[PATCH v2] perf/hx_arm_ni: Support uncore ARM NI-700 PMU

Yang Jialong 杨佳龙 jialong.yang at shingroup.cn
Wed Jan 31 02:07:03 PST 2024



在 2024/1/31 17:38, Krzysztof Kozlowski 写道:
> On 31/01/2024 10:07, Yang Jialong 杨佳龙 wrote:
>>
>>
>> 在 2024/1/31 15:59, Krzysztof Kozlowski 写道:
>>> On 31/01/2024 08:08, JiaLong.Yang wrote:
>>>> This code is based on uncore PMUs arm_smmuv3_pmu and arm-cmn.
>>>> One ni-700 can have many clock domains. Each of them has only one PMU.
>>>> Here one PMU corresponds to one 'struct ni_pmu' instance.
>>>> PMU name will be ni_pmu_N_M, which N means different NI-700s and M means
>>>> different PMU in one NI-700. If only one NI-700 found in NI-700, name will
>>>> be ni_pmu_N.
>>>> Node interface event name will be xxni_N_eventname, such as
>>>> asni_0_rdreq_any.

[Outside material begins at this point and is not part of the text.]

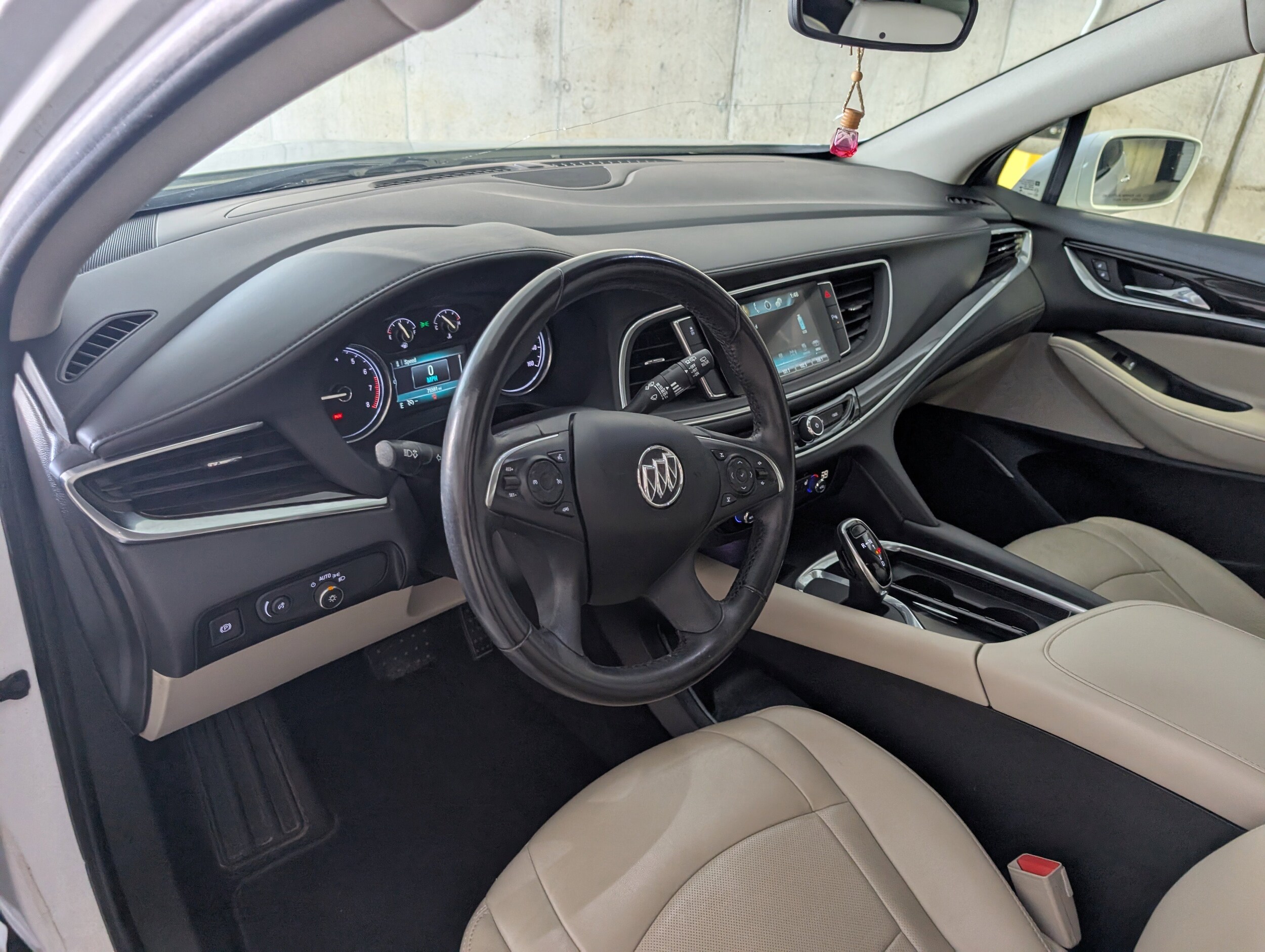2019 Buick Enclave Essence photo 4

There are many kinds of type of nodes in one clock
>>>> domain. Also means that there are many kinds of that in one PMU. So we
>>>> distinguish them by xxni string. Besides, maybe there are many nodes
>>>> have same type. So we have number N in event name.
>>>> By ni_pmu_0_0/asni_0_rdreq_any/, we can pinpoint accurate bus traffic.
>>>> Example1: perf stat -a -e ni_pmu_0_0/asni_0_rdreq_any/,ni_pmu_0_0/cycles/
>>>> EXample2: perf stat -a -e ni_pmu_0_0/asni,id=0,event=0x0/
>>>>
>>>> Signed-off-by: JiaLong.Yang <jialong.yang at shingroup.cn>
>>>> ---
>>>> v1 --> v2:
>>>> 1. Submit MAINTANER Documentation/ files seperately.
>>>
>>> SEPARATE PATCHES, not patchsets. You have now checkpatch warnings
>>> because of this...
>>
>> ...OK. But the MAINTANER file changing should be given in which one
>> patches.
>> I will submit patch v3 after talking and your permission.
>>
>>>
>>>> 2. Delete some useless info printing.
>>>> 3. Change print from pr_xxx to dev_xxx.
>>>> 4. Fix more than 75 length log info.
>>>> 5. Fix dts attribute pccs-id.
>>>> 6. Fix generic name according to DT specification.
>>>> 7. Some indentation.
>>>> 8. Del of_match_ptr macro.
>>>>
>>>>    drivers/perf/Kconfig     |   11 +
>>>>    drivers/perf/Makefile    |    1 +
>>>>    drivers/perf/hx_arm_ni.c | 1284 ++++++++++++++++++++++++++++++++++++++
>>>>    3 files changed, 1296 insertions(+)
>>>>    create mode 100644 drivers/perf/hx_arm_ni.c
>>>>
>>>> diff --git a/drivers/perf/Kconfig b/drivers/perf/Kconfig
>>>> index ec6e0d9194a1..95ef8b13730f 100644
>>>> --- a/drivers/perf/Kconfig
>>>> +++ b/drivers/perf/Kconfig
>>>> @@ -241,4 +241,15 @@ config CXL_PMU
>>>>    
>>>>    	  If unsure say 'm'.
>>>>    
>>>> +config HX_ARM_NI_PMU
>>>> +       tristate "HX ARM NI-700 PMU"
>>>> +       depends on PPC_HX_C2000 && 64BIT
>>>
>>> 1. There is no PPC_HX_C2000.
>>
>> I have been used to using this macro. However this macro is not existed
>> in mainline.
>> I will replace it with ARM64. And del involved C code if OK.
>>
>> 64bit:
>> __ffs(unsigned long) and __fls(unsigned long) will be wrong in 32bit. I
>> pass a u64 argument.
> 
> One thing is where the code is supposed to run, second thing is compile
> testing.
> 

Now run on my company product, a 64bit PowerPC...
But I think it's general for 64bit systems.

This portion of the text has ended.